Still, China has seen important successes, particularly in reducing soft costs and applying continuous improvement. The proactive development of east– west transmission helps reduce soft costs by providing access to wind-rich generation and transmitting it directly to load centers where it can be consumed. Furthermore, Chinese developers get access to low-interest loans from state-owned development banks, reducing the cost of capital for new projects. Continuous improvement of the capacity targets has likewise resulted in consistent progress and renewable investment that laid the foundation for tremendous success. In driving a staggering share of global demand, China has also become the dominant solar PV manufacturer, with 70% of global production capacity in 2012.

Germany

Germany has some of the most ambitious renewable energy targets in the world, at 40%–45% by 2025 and 55%–60% by 2035. So far, Germany’s FIT has been the principal driver for its rapid adoption of renewable energy since it began setting renewable energy goals in 2000. The FIT is set for a 20-year term, it varies by technology, and the tariff level is set at regular intervals.
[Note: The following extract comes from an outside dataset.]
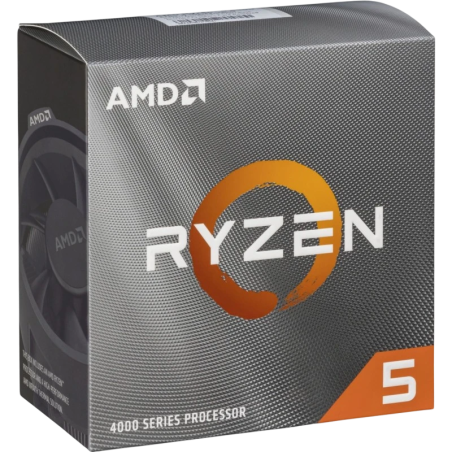 AMD Ryzen 5 4500 3,6 GHz 6 cœurs 12 threads AM4 Processeur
Until recently, Germany has not had a price-finding FIT, and as a result the cost impacts of its rapid adoption of renewable generation have been high. Today, the renewable surcharge on customer bills averages just under 25% of the total electricity rate, although many industrial customers are exempt from this surcharge to remain globally competitive. To mitigate these costs and shift some risk onto maturing renewable generation industries, Germany moved from a pure FIT to a feed-in premium, which lowers the amount of compensation but allows generators to also collect revenue from wholesale energy markets. As a result, renewable generators whose costs are covered largely by the feed-in premium can compete in wholesale energy markets, driving down the price of electricity for consumers.

To become more price-finding, Germany changed its FIT to adjust downward based on renewable energy auction results, conducted annually. Additionally, FITs are front-loaded, with higher compensation for the first 5–10 years, depending on technology, and reduced each year thereafter. In these ways, Germany hopes to reduce the cost of its renewable transition while stimulating investment sufficient to meet its decarbonization goals.

Conclusion

It is clear from experience that both FITs and RPS can be effective, low-cost options for accelerating the renewable electricity transition. A country with immature renewable energy markets may benefit more from a FIT, which minimizes developer risks and stimulates growth of all renewable technologies. A RPS may be more appropriate as the market matures, allowing the lowest-cost technology to meet a country’s renewable energy goals. Each policy can be tweaked to compensate for its perceived weaknesses; in many cases, the two policies can even be used successfully together.

Decarbonizing the electricity sector is a fundamental step toward deep economy-wide decarbonization. As the carbon intensity of the electricity sector decreases, the electrification of other sectors, particularly building heating and transportation, becomes an increasingly effective decarbonization strategy. Both policies can get countries far along the path to decarbonizing the electricity sector; whether that is cost-effective depends as much on the policy designs contained in this chapter as on a country’s ability to adapt its renewable energy policies to changing market conditions.